Like Simon, we join in and carry our cross up the hill. We get to join in his suffering. It is a mark of honor and holy privilege. (Romans 5:3-5, Philippians 1:12-20)

Like the mockers, we questions his power. “If you are really God, do this! Do that!”

If I’m honest, I struggle to engage with this text. It’s a story I’ve been aware of my entire life, praise God. I lack the capacity to fully grasp what Christ is doing and has done. Enter: the Old Testament.

Tomorrow we are starting the book of Isaiah, which holds many, many, many beautiful prophesies of the Messiah. The cross and the resurrection are not just the ending to the book of Matthew, it’s the fulfillment of the first half of the Bible.

Buckle up! It’s gonna be good.


Matthew 25-26 B

“The King will answer and say to them, ‘Truly I say to you, to the extent that you did it to one of these brothers of Mine, even the least of them, you did it to Me.'” (25:40)

The two stories before this are parables. One about bridesmaids being ready for a wedding, and another about stewardship of someone else’s property. Reading them together helps me frame this passage in a new way.

This life isn’t about us. It’s about our amazing LORD. All about Him. It would be wrong for the focus to be elsewhere.

He tells these two parables on the heels of chapter 24’s explanation about the Day of the Lord; warning against acting as if He’s never coming back. These virgins/bridesmaids needed to be ready, and it was foolish of them to only plan on waiting a short while. These slaves/stewards needed to invest whatever their master left them, and it was foolish to do nothing out of fear of failure.

Jesus left us with some tasks and an expectation of return. Just as the LORD told Abraham he was blessed to bless others, Jesus expects His people to take care of the least of these.

Chapter 26 is the beginning of proof: He is worthy of our obedience. He prayed:

“My Father, if it is possible, let this cup pass from Me; yet not as I will, but as You will.” (26:39‬)

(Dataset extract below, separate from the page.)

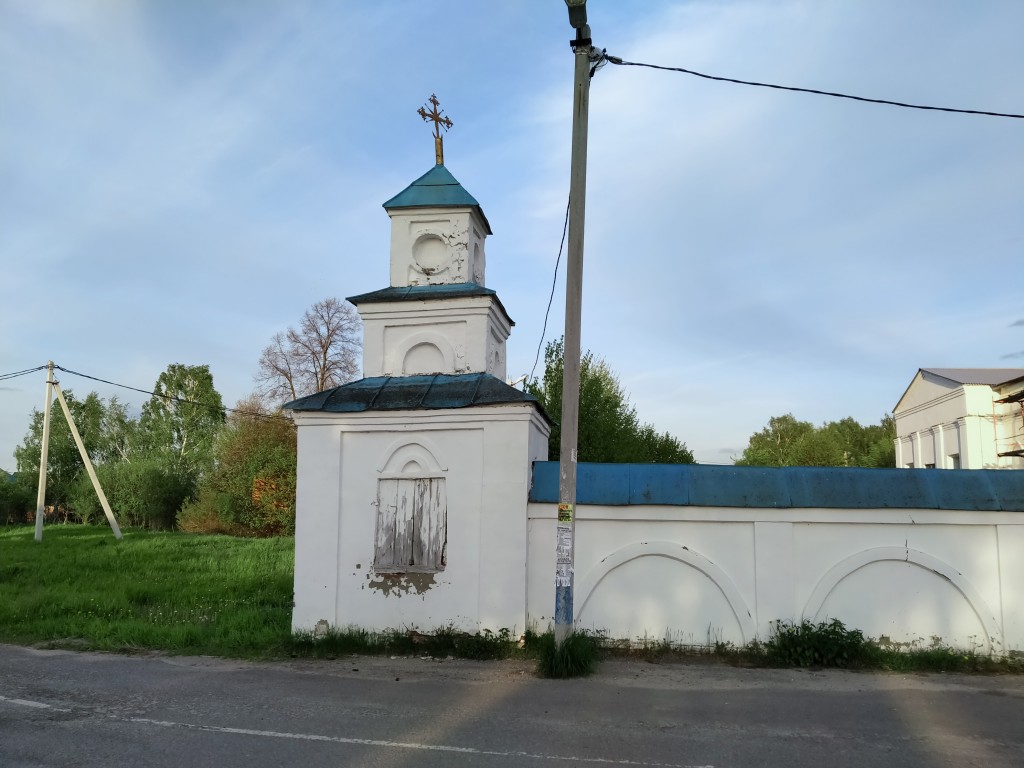 Неизвестная часовня, Долгомостьево (Луховицкий городской округ, Московская область). фасады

When He understood the will of the Father involved a horrific death, He became our example of obedience.

He healed everyone who came to Him and died to remove the sting of death for us. He is our example of caring for the least of these.

Mankind was created for obedience to God through service toward each other. Our commands are to Love the Lord and to love others and they are one and the same. We can’t say we love God, if we don’t demonstrate love for others, as He demonstrates His love for us.

This passage at the end of 25, about separating sheep and goats, makes some people nervous and others hopeful. There’s no separating personal salvation from outward expressions of love toward God and others. The sooner we reconcile the two, the better!

What does this look like for you? How are you loving the least of these?